Weinstein has denied having non-consensual sex with anyone following accusations by more than 70 women, mostly young actresses and other women employed in the movie business, of sexual misconduct, including rape, dating back decades.
In a motion filed in New York state court in Manhattan, Weinstein’s lawyers said the emails showed “a long-term, consensual, intimate relationship” between Weinstein and an unnamed woman who has accused him of raping her in 2013.
Weinstein’s lawyers said they meant “not to ignore that rape can occur in relationships,” but that prosecutors should have shown the grand jurors the emails in order for them to make an “informed decision.”
The woman and Weinstein communicated over a four-year period after the date she said he raped her, Weinstein’s lawyers said.
A lawyer or representative for the woman was not immediately known to request comment on the motion.
A spokesman for Manhattan District Attorney Cyrus Vance, who is prosecuting the case, declined to comment on the motion.
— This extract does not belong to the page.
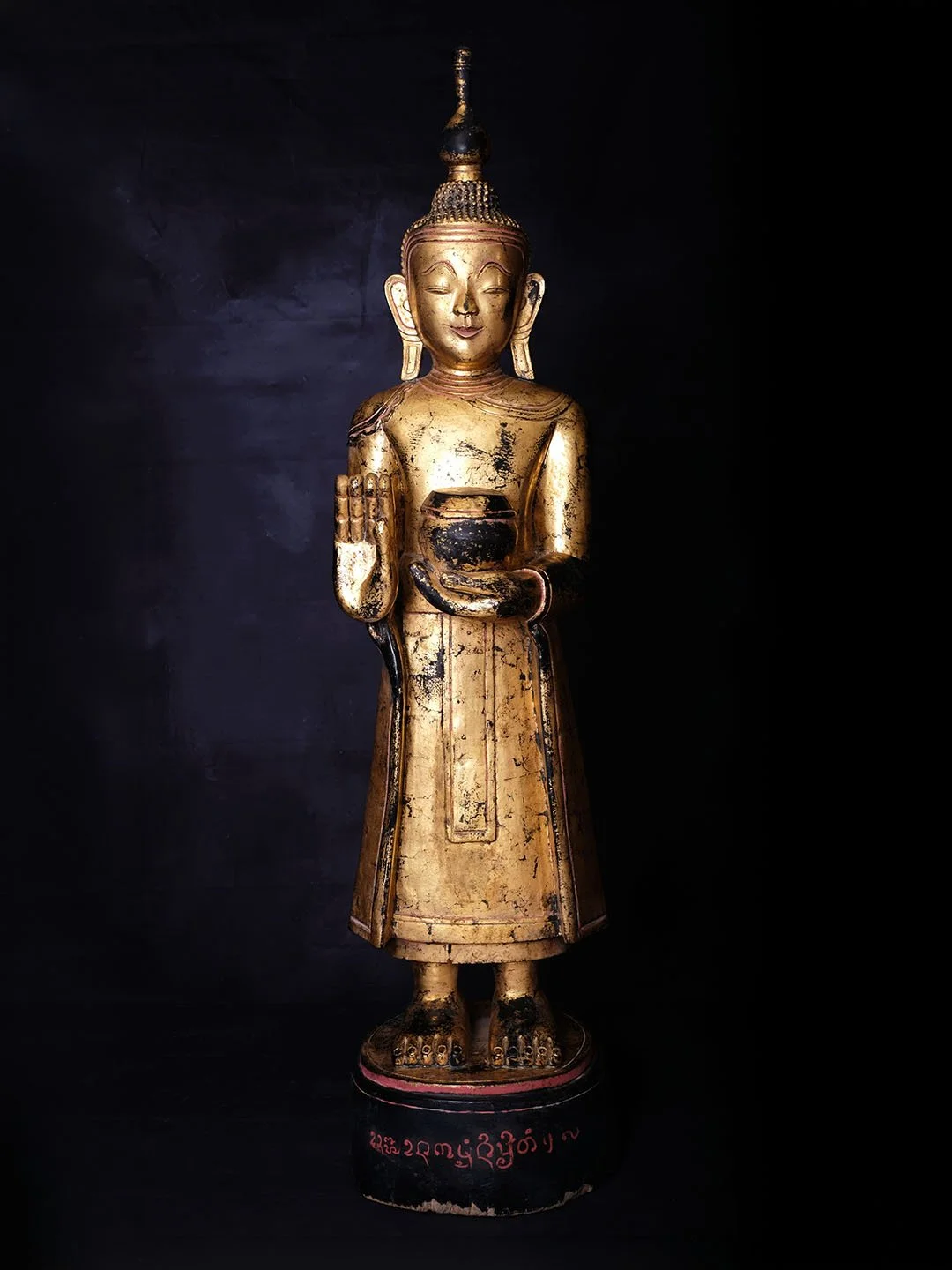 BW15 - Burmese Wooden Buddha, Shan Period (18th Century)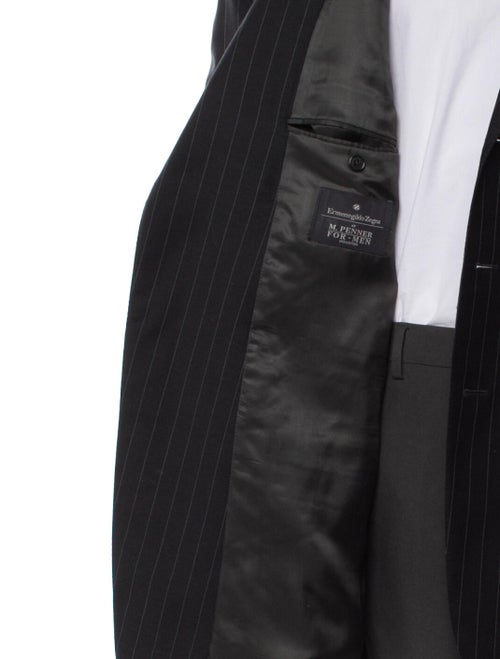 Ermenegildo Zegna Wool Striped Overcoat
The case against Weinstein in Manhattan involves three women. Weinstein, 66, has pleaded not guilty to all of the charges and is free on $1 million bail.
Weinstein lawyer Benjamin Brafman said in a statement that the motions “reveal the existence of exculpatory evidence.”
The accusations against Weinstein led to the #MeToo movement in which hundreds of women publicly accuse powerful men in business, politics and entertainment of sexual harassment and abuse.
Weinstein’s lawyers said charges against Weinstein in New York involving two other women were flawed and must be dismissed as well. One involves a former actress who said Weinstein forced her to perform oral sex on him in 2004. The other is a former production assistant who said he performed oral sex on her against her will in 2006.
Weinstein’s lawyers said the charges relating to the former actress failed to provide enough detail because they did not say exactly when the assault happened, instead giving a three-month range.
Prosecutors failed to give Weinstein adequate advance notice that they were presenting the “far more serious charges” to the grand jury of the allegation from 2006, his lawyers said.
The former production assistant’s lawyer, Gloria Allred, said in response to Weinstein’s motion to dismiss that the grand jury “would not have indicted him if they did not find the testimony that they heard credible.”
A lawyer or representative for the former actress was not immediately known to request comment.
As accusations against Weinstein mounted, his company Weinstein Co fired him and filed for bankruptcy, and he was expelled from the Academy of Motion Picture Arts and Sciences.
Through his company and Miramax, Weinstein won plaudits and awards for movies including “Shakespeare in Love,” “Pulp Fiction” and “The King’s Speech.”